Brief »
From the records below, transcribe only the lines running from the one with "A decorative wooden" through the one with "Close-up beautiful geometric". Keep both of those end lines.

Top of Provided records

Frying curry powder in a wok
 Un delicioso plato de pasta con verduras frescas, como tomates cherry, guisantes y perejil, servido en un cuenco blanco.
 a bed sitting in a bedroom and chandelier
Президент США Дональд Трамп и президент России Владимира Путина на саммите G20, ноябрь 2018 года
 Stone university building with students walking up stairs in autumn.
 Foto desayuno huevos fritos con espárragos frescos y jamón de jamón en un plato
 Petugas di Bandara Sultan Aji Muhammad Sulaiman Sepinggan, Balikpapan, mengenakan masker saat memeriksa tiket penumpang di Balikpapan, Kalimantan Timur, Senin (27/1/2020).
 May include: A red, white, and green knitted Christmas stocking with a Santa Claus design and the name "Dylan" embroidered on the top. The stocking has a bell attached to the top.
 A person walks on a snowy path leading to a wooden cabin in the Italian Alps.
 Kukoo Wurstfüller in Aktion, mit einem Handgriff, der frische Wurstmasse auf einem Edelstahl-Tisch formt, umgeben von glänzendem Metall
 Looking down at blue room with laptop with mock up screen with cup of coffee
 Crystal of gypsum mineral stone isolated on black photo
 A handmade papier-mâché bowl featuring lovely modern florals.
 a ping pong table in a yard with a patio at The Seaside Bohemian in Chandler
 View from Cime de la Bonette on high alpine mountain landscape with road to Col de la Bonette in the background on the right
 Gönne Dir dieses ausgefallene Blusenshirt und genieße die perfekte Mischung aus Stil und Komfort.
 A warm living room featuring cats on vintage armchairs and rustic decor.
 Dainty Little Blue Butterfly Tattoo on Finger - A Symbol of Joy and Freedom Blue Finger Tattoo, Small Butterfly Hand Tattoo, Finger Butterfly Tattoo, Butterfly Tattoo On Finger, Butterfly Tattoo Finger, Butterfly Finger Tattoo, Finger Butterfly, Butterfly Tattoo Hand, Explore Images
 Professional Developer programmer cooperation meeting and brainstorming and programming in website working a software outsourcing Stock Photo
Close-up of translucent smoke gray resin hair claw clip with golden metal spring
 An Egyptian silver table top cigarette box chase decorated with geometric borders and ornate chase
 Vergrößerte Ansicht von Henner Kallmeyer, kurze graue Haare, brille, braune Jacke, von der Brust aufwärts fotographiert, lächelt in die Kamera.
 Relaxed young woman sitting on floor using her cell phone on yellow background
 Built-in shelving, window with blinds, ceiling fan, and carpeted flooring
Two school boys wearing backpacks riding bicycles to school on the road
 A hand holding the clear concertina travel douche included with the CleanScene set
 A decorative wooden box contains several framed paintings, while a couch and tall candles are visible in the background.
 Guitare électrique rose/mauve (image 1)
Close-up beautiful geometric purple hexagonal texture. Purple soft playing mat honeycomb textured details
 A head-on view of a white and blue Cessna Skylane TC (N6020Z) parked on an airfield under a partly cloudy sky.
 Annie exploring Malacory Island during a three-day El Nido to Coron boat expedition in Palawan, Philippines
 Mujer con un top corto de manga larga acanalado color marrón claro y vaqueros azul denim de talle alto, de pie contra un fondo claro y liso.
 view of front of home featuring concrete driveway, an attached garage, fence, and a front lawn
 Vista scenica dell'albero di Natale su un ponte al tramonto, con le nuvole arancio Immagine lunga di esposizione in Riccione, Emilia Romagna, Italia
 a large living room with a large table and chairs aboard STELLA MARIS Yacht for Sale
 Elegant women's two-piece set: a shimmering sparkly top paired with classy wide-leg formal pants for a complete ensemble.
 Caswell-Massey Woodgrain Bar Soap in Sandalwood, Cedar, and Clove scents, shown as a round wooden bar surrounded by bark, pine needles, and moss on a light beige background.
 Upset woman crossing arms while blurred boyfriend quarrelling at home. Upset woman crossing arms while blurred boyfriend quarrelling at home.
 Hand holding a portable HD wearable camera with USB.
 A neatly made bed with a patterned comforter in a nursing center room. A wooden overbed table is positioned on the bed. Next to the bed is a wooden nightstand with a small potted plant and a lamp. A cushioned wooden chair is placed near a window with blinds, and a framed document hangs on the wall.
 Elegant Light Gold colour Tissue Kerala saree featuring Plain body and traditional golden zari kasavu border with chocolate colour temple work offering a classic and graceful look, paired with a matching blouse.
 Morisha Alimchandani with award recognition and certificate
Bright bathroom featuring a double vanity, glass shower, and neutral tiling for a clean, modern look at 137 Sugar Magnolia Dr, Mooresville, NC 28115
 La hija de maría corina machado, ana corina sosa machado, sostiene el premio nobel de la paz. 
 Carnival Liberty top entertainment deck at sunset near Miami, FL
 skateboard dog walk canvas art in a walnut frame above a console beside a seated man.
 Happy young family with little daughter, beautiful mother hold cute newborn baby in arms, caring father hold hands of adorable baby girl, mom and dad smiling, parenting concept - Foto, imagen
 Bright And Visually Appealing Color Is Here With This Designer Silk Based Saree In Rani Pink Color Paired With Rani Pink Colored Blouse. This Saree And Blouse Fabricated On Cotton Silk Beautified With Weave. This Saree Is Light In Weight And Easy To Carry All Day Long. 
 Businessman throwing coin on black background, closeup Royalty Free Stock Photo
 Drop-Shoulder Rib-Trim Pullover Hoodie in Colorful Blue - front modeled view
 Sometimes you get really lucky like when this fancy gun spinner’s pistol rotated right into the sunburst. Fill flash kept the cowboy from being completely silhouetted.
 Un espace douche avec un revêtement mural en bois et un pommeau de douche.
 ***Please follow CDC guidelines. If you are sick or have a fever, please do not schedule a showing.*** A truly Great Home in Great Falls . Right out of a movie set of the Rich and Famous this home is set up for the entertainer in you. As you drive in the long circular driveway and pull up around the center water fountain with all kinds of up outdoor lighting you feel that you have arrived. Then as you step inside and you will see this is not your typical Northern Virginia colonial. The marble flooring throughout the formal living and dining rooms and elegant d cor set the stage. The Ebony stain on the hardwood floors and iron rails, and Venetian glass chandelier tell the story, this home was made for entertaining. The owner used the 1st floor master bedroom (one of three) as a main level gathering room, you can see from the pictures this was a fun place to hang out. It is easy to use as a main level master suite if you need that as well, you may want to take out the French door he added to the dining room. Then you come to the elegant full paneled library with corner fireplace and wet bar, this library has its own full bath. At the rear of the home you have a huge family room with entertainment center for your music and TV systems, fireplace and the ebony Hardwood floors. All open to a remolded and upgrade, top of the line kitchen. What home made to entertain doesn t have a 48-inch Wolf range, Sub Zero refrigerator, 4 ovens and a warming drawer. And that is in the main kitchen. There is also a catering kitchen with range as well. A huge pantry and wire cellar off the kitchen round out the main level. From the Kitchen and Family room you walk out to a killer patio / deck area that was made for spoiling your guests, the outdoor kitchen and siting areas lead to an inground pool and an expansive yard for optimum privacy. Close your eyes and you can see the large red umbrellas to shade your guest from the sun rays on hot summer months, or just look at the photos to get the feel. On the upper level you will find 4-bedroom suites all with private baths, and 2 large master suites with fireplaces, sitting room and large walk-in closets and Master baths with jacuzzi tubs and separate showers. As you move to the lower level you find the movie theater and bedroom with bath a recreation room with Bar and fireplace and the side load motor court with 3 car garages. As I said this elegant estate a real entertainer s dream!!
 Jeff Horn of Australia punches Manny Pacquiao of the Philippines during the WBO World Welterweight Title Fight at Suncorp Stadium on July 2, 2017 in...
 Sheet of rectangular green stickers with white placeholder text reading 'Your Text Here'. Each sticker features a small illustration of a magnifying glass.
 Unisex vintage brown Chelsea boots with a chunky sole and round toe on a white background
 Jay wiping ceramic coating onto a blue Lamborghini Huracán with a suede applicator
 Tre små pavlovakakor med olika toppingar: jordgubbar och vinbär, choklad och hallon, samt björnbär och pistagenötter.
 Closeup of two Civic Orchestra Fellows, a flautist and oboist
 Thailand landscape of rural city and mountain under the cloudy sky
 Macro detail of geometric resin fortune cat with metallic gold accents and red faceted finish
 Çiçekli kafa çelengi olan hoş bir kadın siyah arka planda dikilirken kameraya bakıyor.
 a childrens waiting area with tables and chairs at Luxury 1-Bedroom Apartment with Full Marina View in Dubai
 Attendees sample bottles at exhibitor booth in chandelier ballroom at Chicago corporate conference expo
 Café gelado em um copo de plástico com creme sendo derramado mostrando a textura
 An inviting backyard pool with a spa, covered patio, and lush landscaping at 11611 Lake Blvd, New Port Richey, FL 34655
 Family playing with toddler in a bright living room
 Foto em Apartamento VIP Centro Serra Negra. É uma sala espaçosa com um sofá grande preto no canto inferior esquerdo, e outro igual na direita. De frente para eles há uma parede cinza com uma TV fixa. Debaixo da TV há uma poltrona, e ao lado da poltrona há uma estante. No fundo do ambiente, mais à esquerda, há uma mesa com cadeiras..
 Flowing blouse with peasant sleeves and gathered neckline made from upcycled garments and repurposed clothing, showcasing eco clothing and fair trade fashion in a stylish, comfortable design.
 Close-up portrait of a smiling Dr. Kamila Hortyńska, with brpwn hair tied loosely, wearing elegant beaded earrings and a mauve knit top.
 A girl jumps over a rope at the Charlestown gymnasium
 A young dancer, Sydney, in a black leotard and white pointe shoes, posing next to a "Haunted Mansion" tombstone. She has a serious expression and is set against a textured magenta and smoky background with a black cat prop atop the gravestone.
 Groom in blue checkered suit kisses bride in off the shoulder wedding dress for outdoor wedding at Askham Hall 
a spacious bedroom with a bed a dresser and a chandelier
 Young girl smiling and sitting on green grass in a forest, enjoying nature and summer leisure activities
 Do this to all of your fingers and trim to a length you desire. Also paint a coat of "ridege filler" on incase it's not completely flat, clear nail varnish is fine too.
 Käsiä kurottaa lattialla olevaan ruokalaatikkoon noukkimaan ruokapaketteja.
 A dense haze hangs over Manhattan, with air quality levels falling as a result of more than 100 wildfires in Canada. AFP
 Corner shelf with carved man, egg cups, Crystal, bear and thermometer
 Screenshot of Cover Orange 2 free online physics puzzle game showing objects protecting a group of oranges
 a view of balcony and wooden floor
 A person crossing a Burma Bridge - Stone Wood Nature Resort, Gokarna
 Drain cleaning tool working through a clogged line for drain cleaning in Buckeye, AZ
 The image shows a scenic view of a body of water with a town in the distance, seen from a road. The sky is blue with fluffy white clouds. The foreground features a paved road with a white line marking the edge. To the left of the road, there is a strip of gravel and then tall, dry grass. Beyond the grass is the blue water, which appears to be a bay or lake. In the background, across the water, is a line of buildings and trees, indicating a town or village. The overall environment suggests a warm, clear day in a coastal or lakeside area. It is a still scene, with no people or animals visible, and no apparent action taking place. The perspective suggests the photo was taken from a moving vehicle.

Bottom of Provided records

Answer box »
 A decorative wooden box contains several framed paintings, while a couch and tall candles are visible in the background.
 Guitare électrique rose/mauve (image 1)
Close-up beautiful geometric purple hexagonal texture. Purple soft playing mat honeycomb textured details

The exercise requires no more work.